Q- Le prix des maisons va-t-il chuter?

R- Non. Au Canada et au Québec, le marché immobilier est beaucoup plus sain qu'aux États-Unis. Certes, le marché n'a pas la vigueur d'il y a deux ans, mais les prix continuent de monter un peu partout. «Le marché du travail est bon et les salaires augmentent, deux conditions essentielles au marché immobilier», dit M. Durocher.

Q- Qu'en est-il des prêts auto, de la marge de crédit, du prêt personnel?

R- Si le dossier de crédit est bon, pas de changement en vue. Par contre, il n'est pas impossible que les banques deviennent plus chatouilleuses face aux ménages surendettés.

Q- Dois-je vendre mes fonds communs, mes actions?

R- Pas de panique. Les âmes sensibles voudront vendre, c'est leur droit. Mais qu'elles se souviennent qu'il faut vendre quand le marché est haut et acheter quand il est bas. À long terme, les valeurs auront monté et la crise ne sera qu'un bref souvenir.

Au contraire, les plus braves saisiront l'occasion pour acheter, puisque le marché a beaucoup baissé. Le fond du baril n'est toutefois pas atteint, croit Sébastien Lavoie, et le plus sage est probablement d'attendre que le marché se calme avant de prendre des décisions.

Q- Le dollar chutera-t-il?

N- Le dollar a déjà baissé, mais il devrait se maintenir à moyen terme. Actuellement, le dollar canadien souffre de la crise parce que plusieurs grands investisseurs institutionnels vendent le huard pour se procurer des dollars américains et acheter des titres gouvernementaux américains, considérés comme une valeur refuge.

Q- Envisage-t-on une récession?

R- L'économie est beaucoup une affaire de confiance, contrairement à ce que plusieurs pensent. L'éventualité d'une récession (décroissance de l'économie) dépend en bonne partie de ce degré de confiance des ménages et des entreprises.

La crise minera-t-elle significativement cette confiance? Très peu si elle dure quelques jours, davantage si elle dure quelques mois.

Autre élément: la crise rendra les banques plus frileuses face au risque.

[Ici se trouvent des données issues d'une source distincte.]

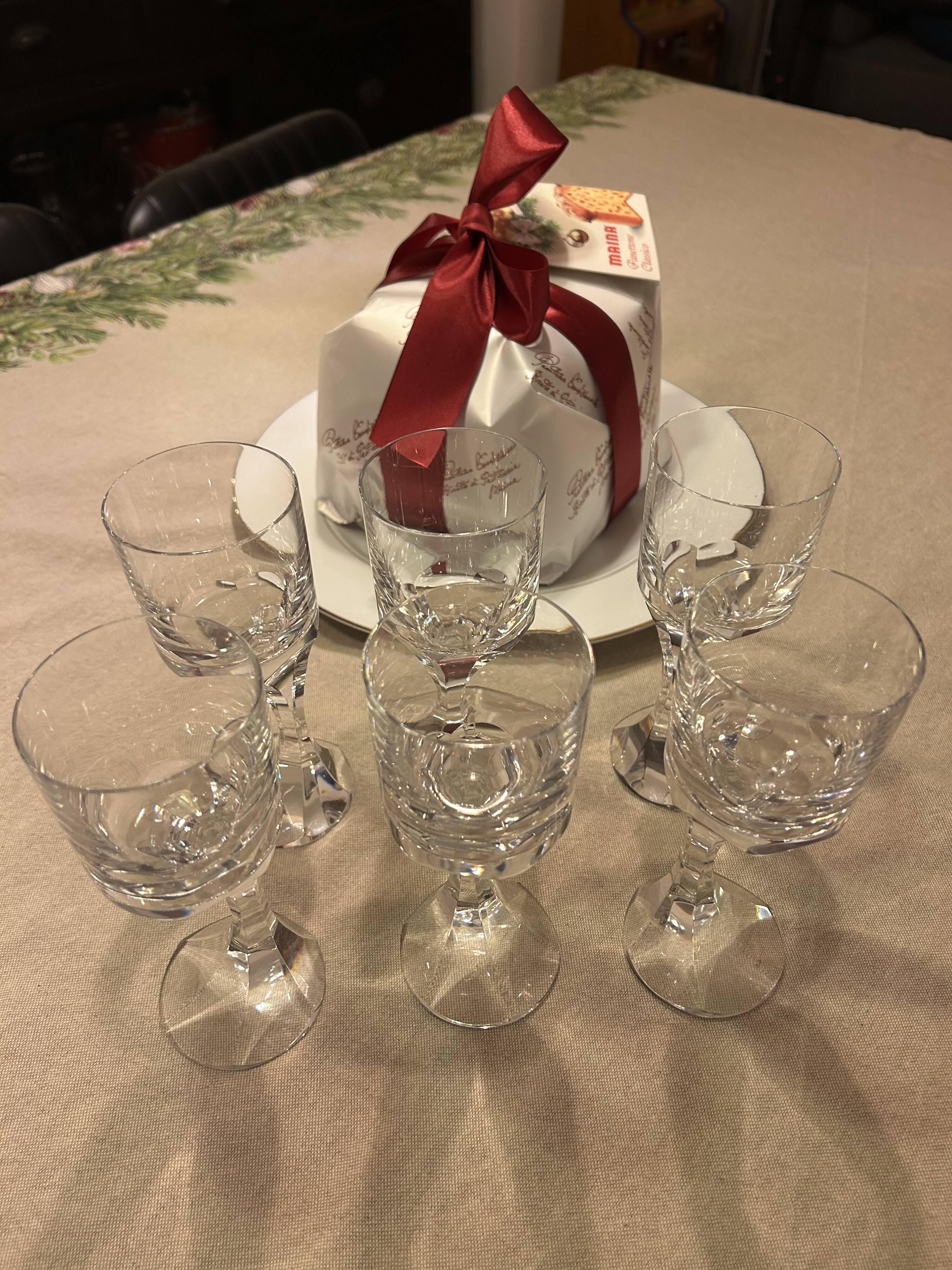 Baccarat Narcisse 6 Exceptional Baccarat Crystal Glasses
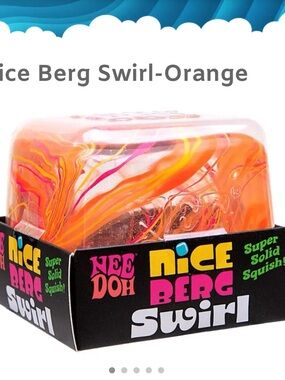 Authentic Nice Berg Swirl Orange Squish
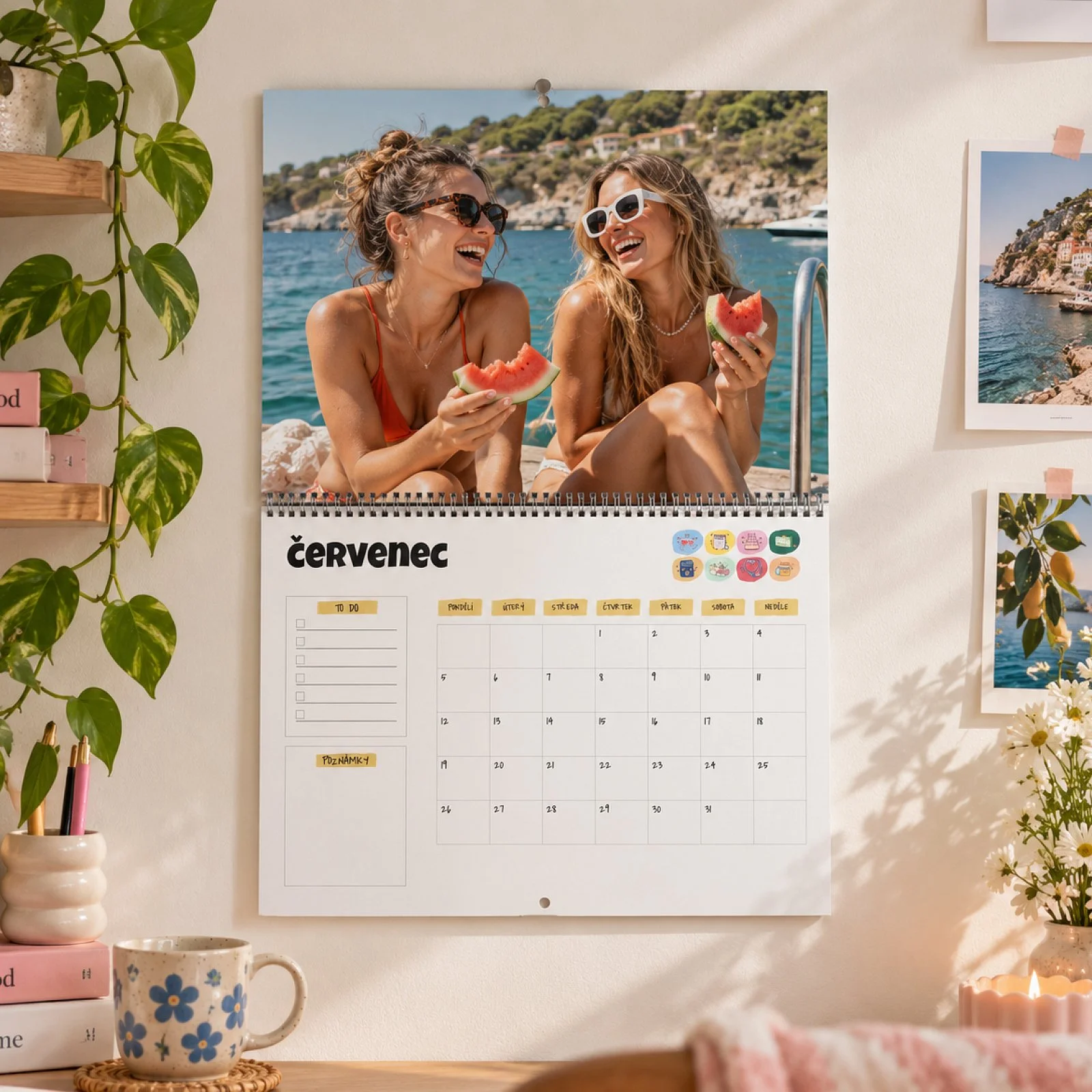 DIY fotokalendář se samolepkami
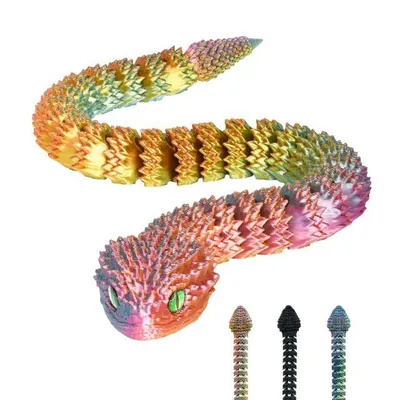 Produktbild von 3D Schlange – 27 cm – Rot-Gelb-Grün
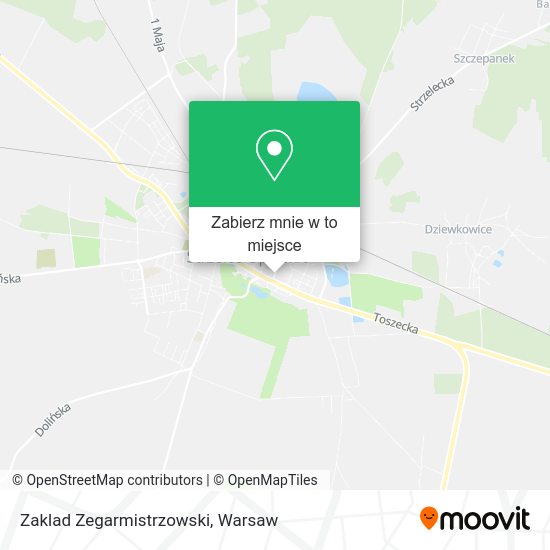 Mapa Zaklad Zegarmistrzowski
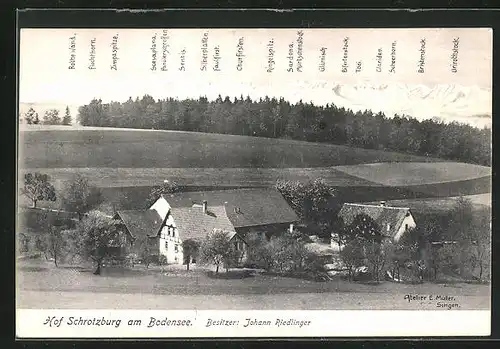 AK Öhningen, Gasthof Schrotzburg am Bodensee, Inh. Johann Riedlinger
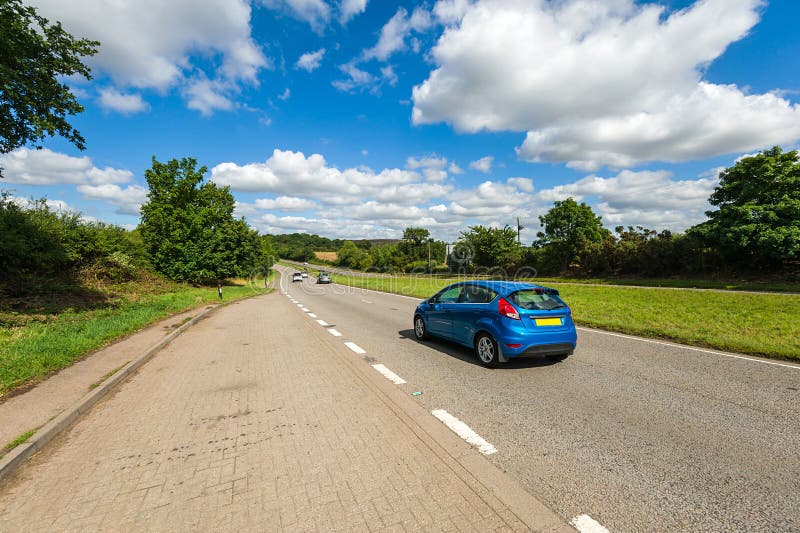 Car driving on the road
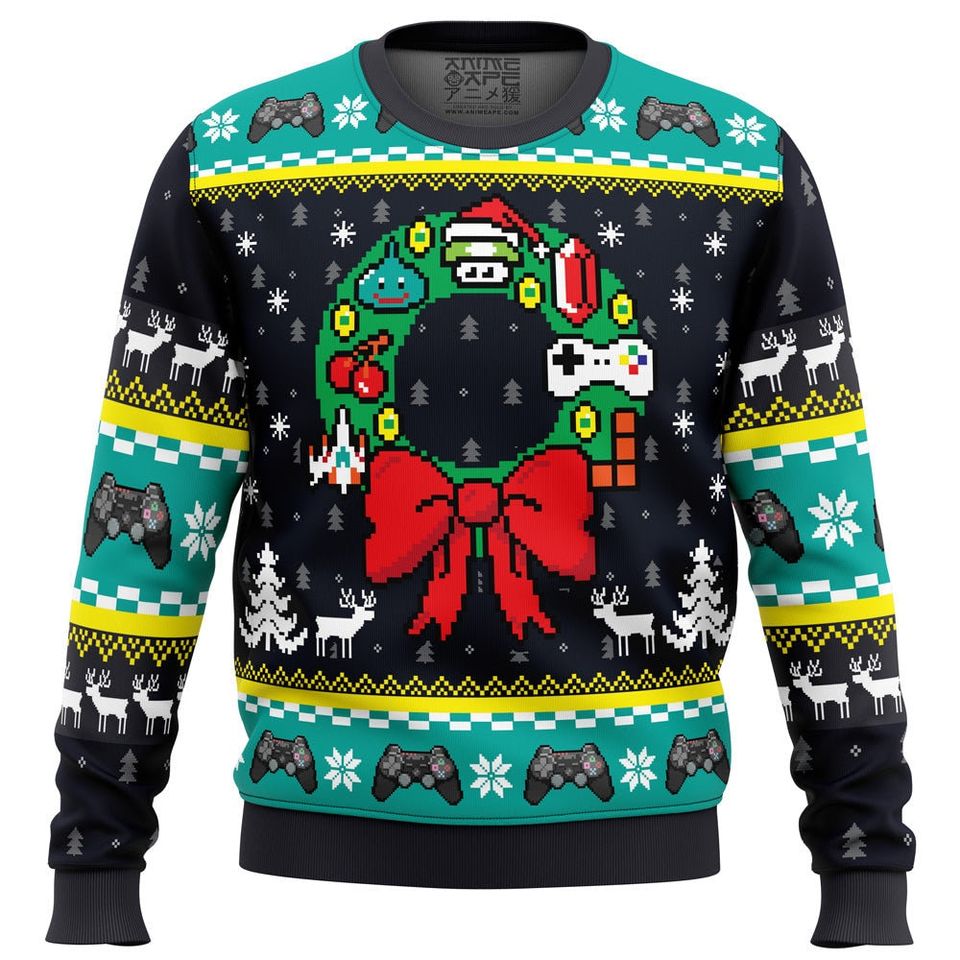 Game On Gamer Ugly Christmas Sweater For Men & Women Christmas Gift Sweater BH744 - WeCustomit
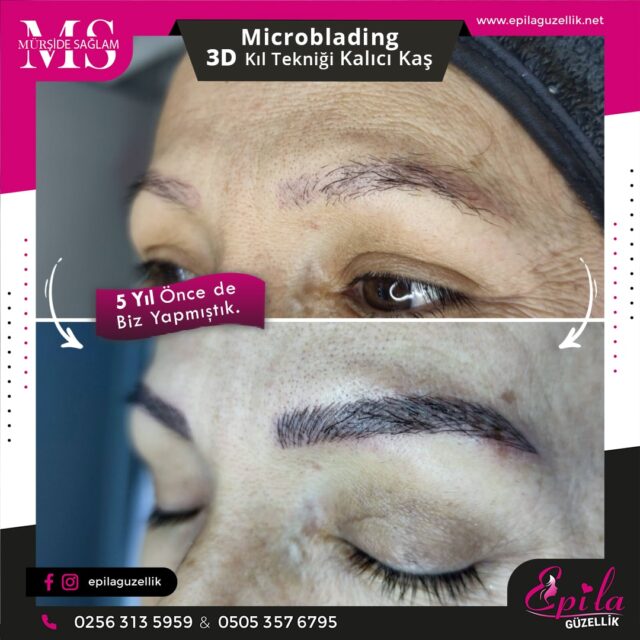 Nazilli - Microblading 3D Kıl Tekniği Kalıcı Kaş Kontürü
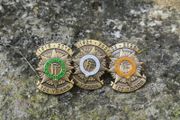 BRASS Tricolour - Irish Easter Rising, Independence, Civil War Badges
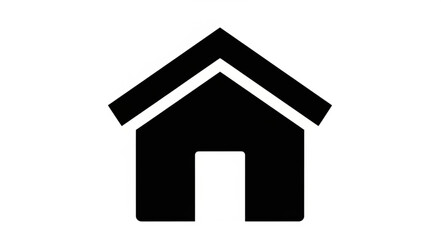 Fototapeta premium Simple Black House Icon Graphic Symbol.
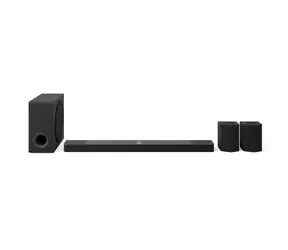 LG S95TR schwarz / Soundbar 9.1.5 / 810 W Leistung / Subwoofer mit Rücklautsprechern / Bluetooth / USB / HDMI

Selon Sébastien Lavoie, il y a de réelles probabilités que les institutions deviennent plus exigeantes envers les emprunteurs, notamment les entreprises, et resserrent leurs conditions de crédit.

Ce resserrement nuirait à certains projets d'investissements ou d'acquisitions et donc à l'économie. M. Lavoie estime à 40% la probabilité d'une récession éventuelle au Canada (30% avant la crise) et M. Durocher, à 20%.

Rappelons toutefois que ni la crise financière de 1998, ni le krach boursier des technos de 2000, ni les attentats du 11 septembre n'ont provoqué une récession au Canada.

Q- Dois-je craindre pour mon emploi?

R- Non, à moins que la crise perdure et finisse par provoquer une récession, ce qui est encore peu probable. Et dans un tel cas, les pertes d'emplois attribuables à la crise ne surviendront pas avant plusieurs mois. Dormez sur vos deux oreilles.

Q- Qu'est-ce que les gouvernements peuvent faire?

R- À court terme, rassurer la population, inspirer confiance. C'est d'ailleurs ce qu'a fait hier le ministre canadien des Finances, Jim Flaherty, rappelant que «nos facteurs économiques fondamentaux sont des plus solides».

Jim Flaherty dit être en communication étroite avec la Banque du Canada - la banque des banques - et cette dernière n'hésite pas à prêter aux banques à charte pour faire face à la crise.

En septembre, il n'est pas impossible que la Banque du Canada baisse ses taux, ce qui aiderait l'économie.